Its a rhetorical question, she knows that. It isn't intended to have an answer. She speaks anyway. "There are a number of socioeconomic factors..." and she does what she does best. Recite statistics and studies. She should feel guilty about the systemic injustices she is talking about, but she's long since learned how to divorce her emotions from the statistics. Instead, she offers a calming voice as she talks about this sociologist and that one, knowingg that the details of the studies she's researched are going unlistened to. But this is who she is, this is what she does. She is a scientist, she deals in facts, truths, realities.
Truth: She knows the world is a cruel, viscious bitch.
Truth: She knows what lies behind the jokes and sarcasm
Truth: She knows from first hand expirence the mental toll it takes to live in the world
Truth: She knows that it is impossible to face the world alone.
She does what she can to be supportive, because she has no other option. She puts on a brave face and laughs and jokes and pretends to be just as fine as she claims. She likens herself, in moments like this, to Charles George Gordon, preparing for a seige that is eventually hopeless, but she will not go down without a fight. She will not give in to the cruelty and indifference that surrounds her, not yet. And she will do what she can to protect others, protect Jane, just as Gordon protected the innocent lives in Khartoum. She will be -she is - an emotional rock for the detective to cling to to avoid being swept away in a storming sea of emotions.
She is steady, a constant, something that can depended upon. She's been accused of not even having emotions before, by others. Sometimes, in the blackness and emptiness of night, she wonders if the others are correct.
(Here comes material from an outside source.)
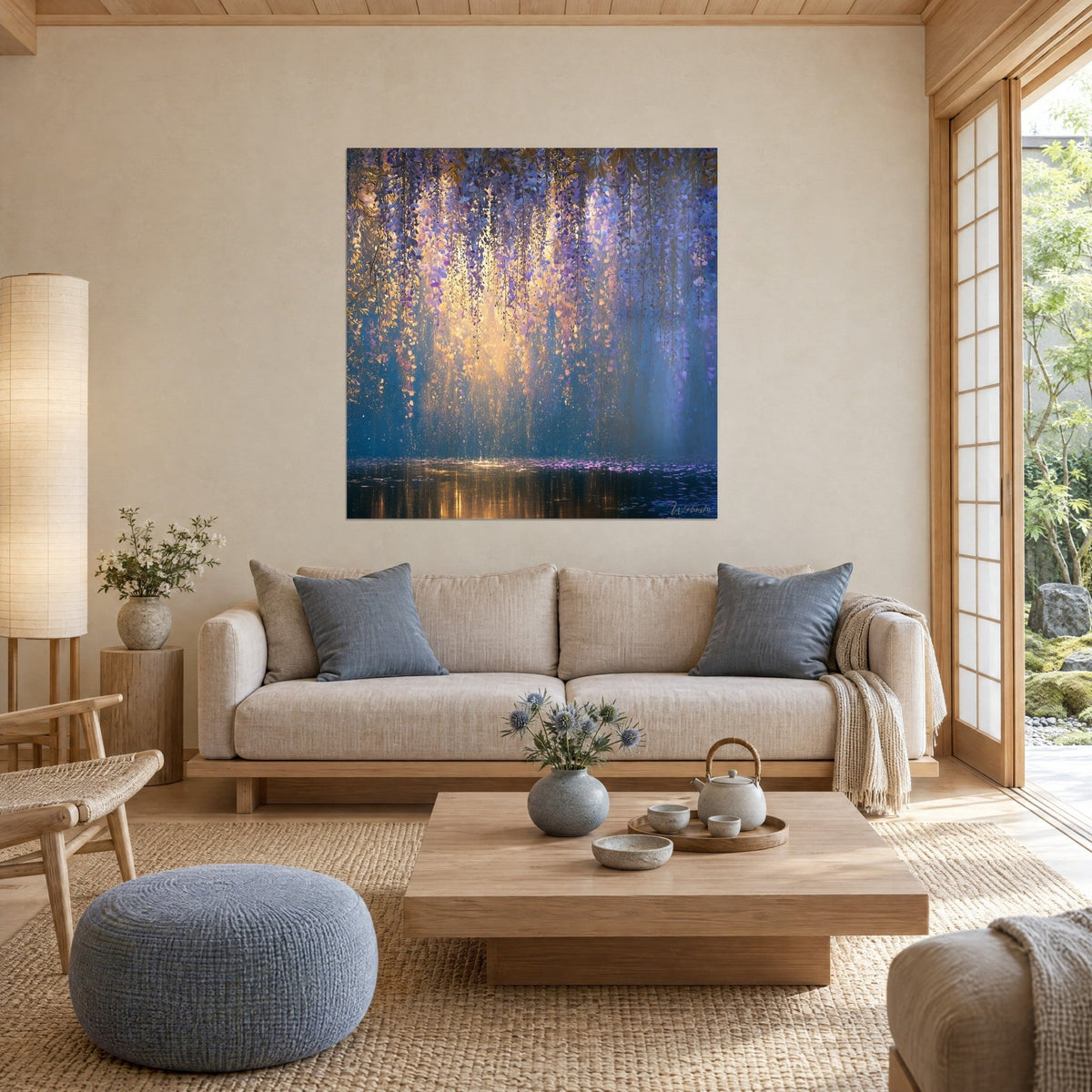 Quadro glicine a cascata di grappoli malva e oro su acqua scura, sopra un divano in un soggiorno luminoso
So adept has she become at compartmentalizing, putting unwanted thoughts and sray feelings aside like the so many shoeboxes in her closet that she considers the last time she gave in to something as base as simple emotion. It seemed long ago, like it was a lifetime ago, like she was a different person then. But she knows calm and stability and quiet strength are what are being asked of her now, and she will provide it. She has no other option.
The breaking point is coming, like it always does on days like this, once darkness falls. Where the facde will crumble and jokes, deflection, sarcasm will fall flat on deaf ears. She cannot change what is coming, though now, she can predict it. The thousand yard stare will eventually fall away into whimpers that pierce the silence of the night. Just as she cannot change the past, just as there is no magic buttom to push to wipe away guilt, self hatred, doubt and fear, she cannot control the future. What will come is a simple fact, a truth, a reality.
Reality: This is the way they deal with a cruel, viscious, world.
Reality: This is the way they end far too many nights.
Reality: This is the way that she knows will eventually break them.
Reality: This is the way she shows her love, now, while she can, in the only way she knows how.